*** ENTRIES SUPPLIED Section Begins ***

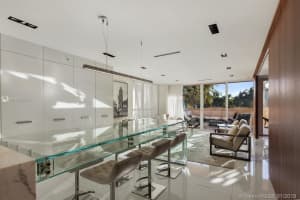 226 Ocean Dr #2e, Miami Beach, FL 33139, Sold 02/14/20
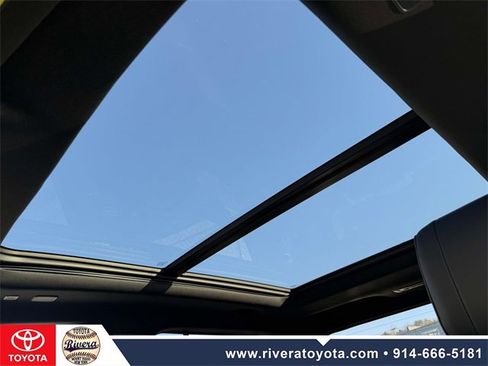 Used 2022 Toyota Tundra Platinum image 26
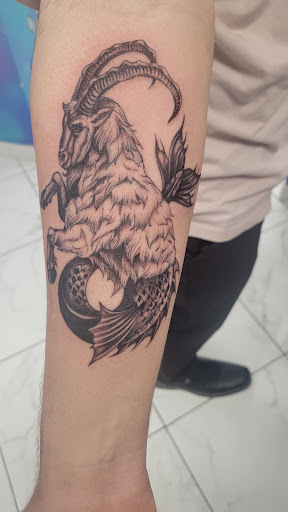 Explore simple finger tattoo ideas, creative tattoo ideas in Murrieta, available at Diamond City Tattoo & Piercing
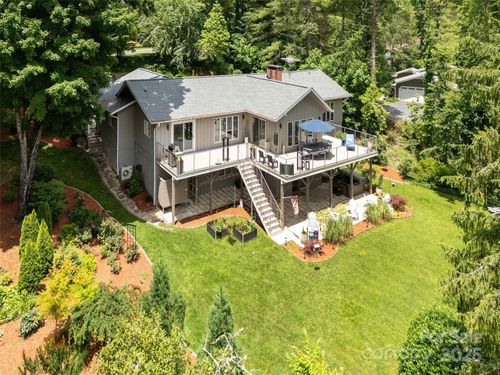 30 W Fairway Dr, Etowah, NC, 28729-9769 | Card Image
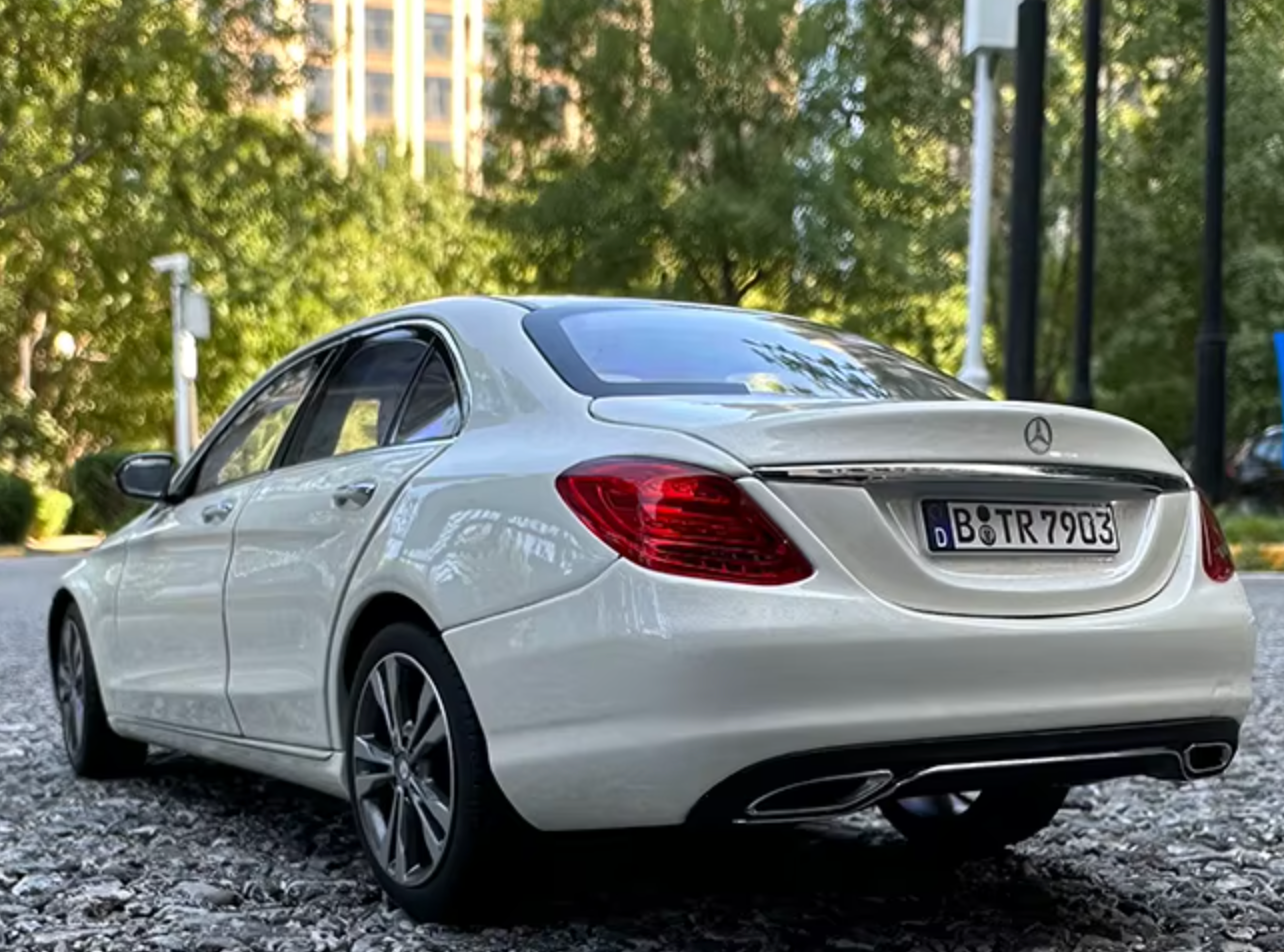 Mercedes-Benz C-Class C200 W205 1:18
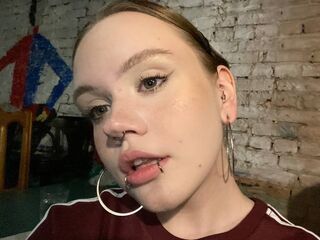 camwhore fingering shaved pussy SaraKnights
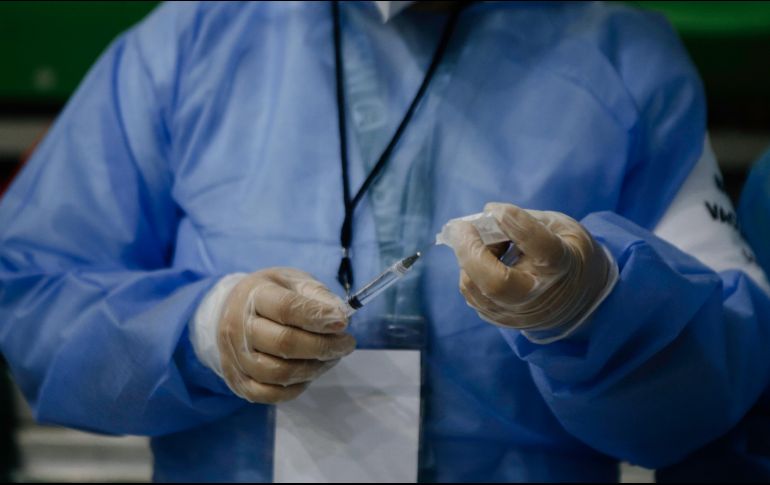 Se dialogó el tema con la Secretaría de Salud Federal y que se decidió que la vacuna Abdalá, elaborada por científicos cubanos, se aplicará sólo en el IMSS e ISSSTE. EL INFORMADOR /ARCHIVO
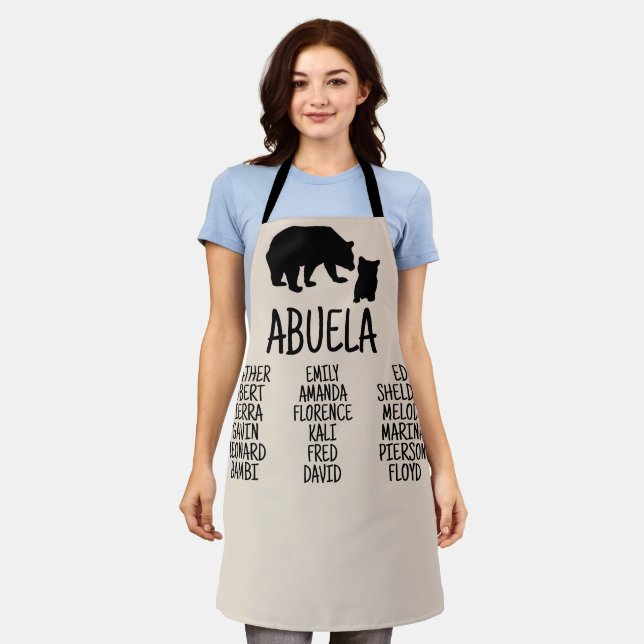 Tablier Cadeau customisé avec les noms de gamin Abuela Bea (Porté)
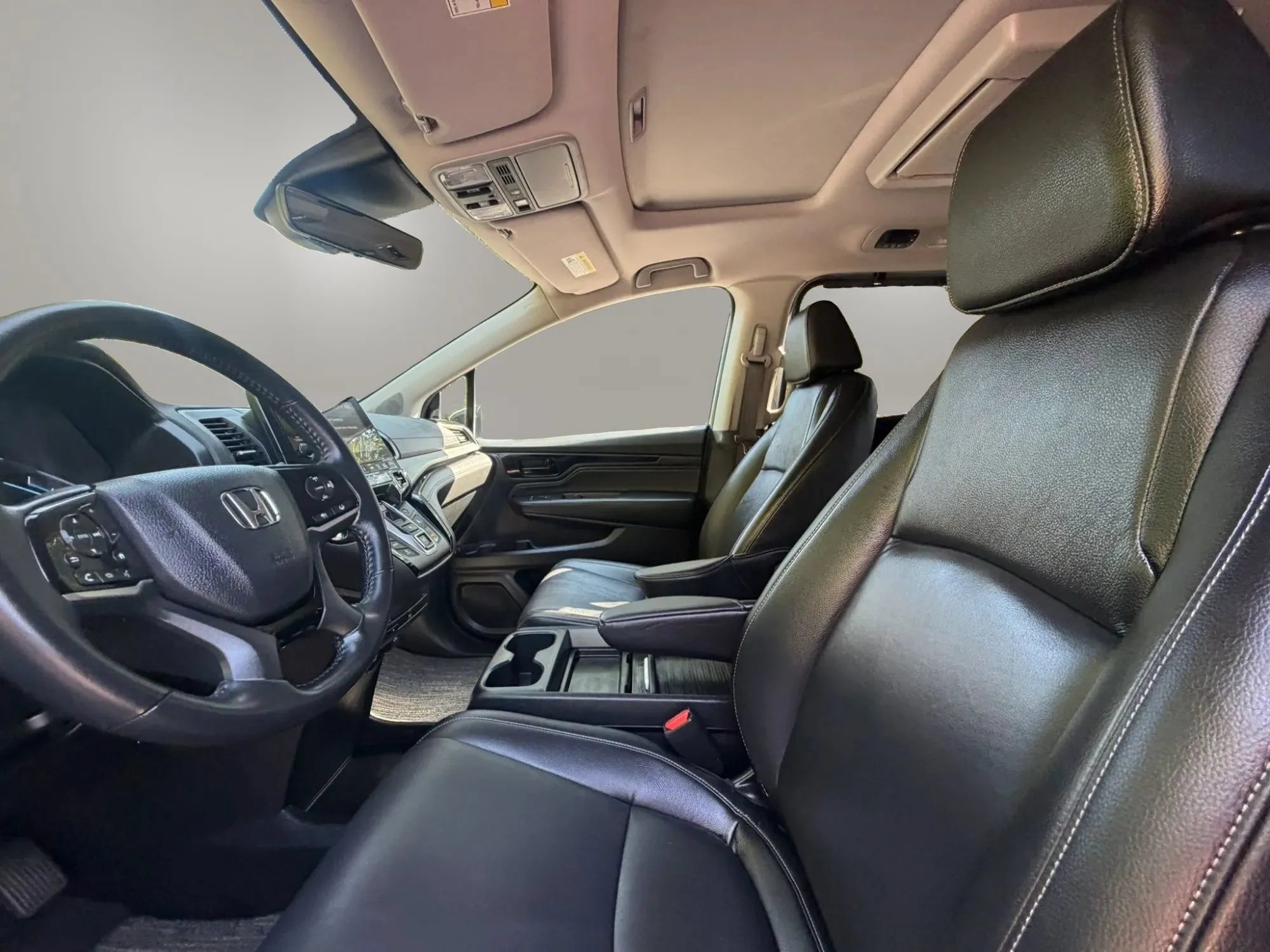 Used 2024 Honda Odyssey Touring image 16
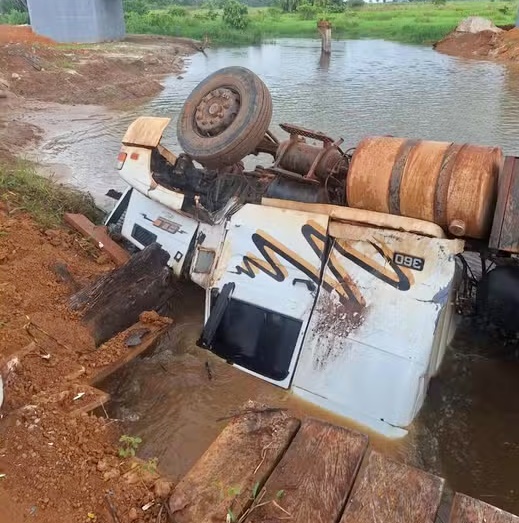 Carreta carregada de soja tomba em desvio e cai no rio em Rondônia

*** ENTRIES SUPPLIED Section Ends ***

Retype exactly the lines from the line containing "Explore simple finger" through the end of the entries above, including both ends, and leave every picture out.

## [RESPONSE FOR THIS EXERCISE]
 Explore simple finger tattoo ideas, creative tattoo ideas in Murrieta, available at Diamond City Tattoo & Piercing
 30 W Fairway Dr, Etowah, NC, 28729-9769 | Card Image
 Mercedes-Benz C-Class C200 W205 1:18
 camwhore fingering shaved pussy SaraKnights
 Se dialogó el tema con la Secretaría de Salud Federal y que se decidió que la vacuna Abdalá, elaborada por científicos cubanos, se aplicará sólo en el IMSS e ISSSTE. EL INFORMADOR /ARCHIVO
 Tablier Cadeau customisé avec les noms de gamin Abuela Bea (Porté)
 Used 2024 Honda Odyssey Touring image 16
 Carreta carregada de soja tomba em desvio e cai no rio em Rondônia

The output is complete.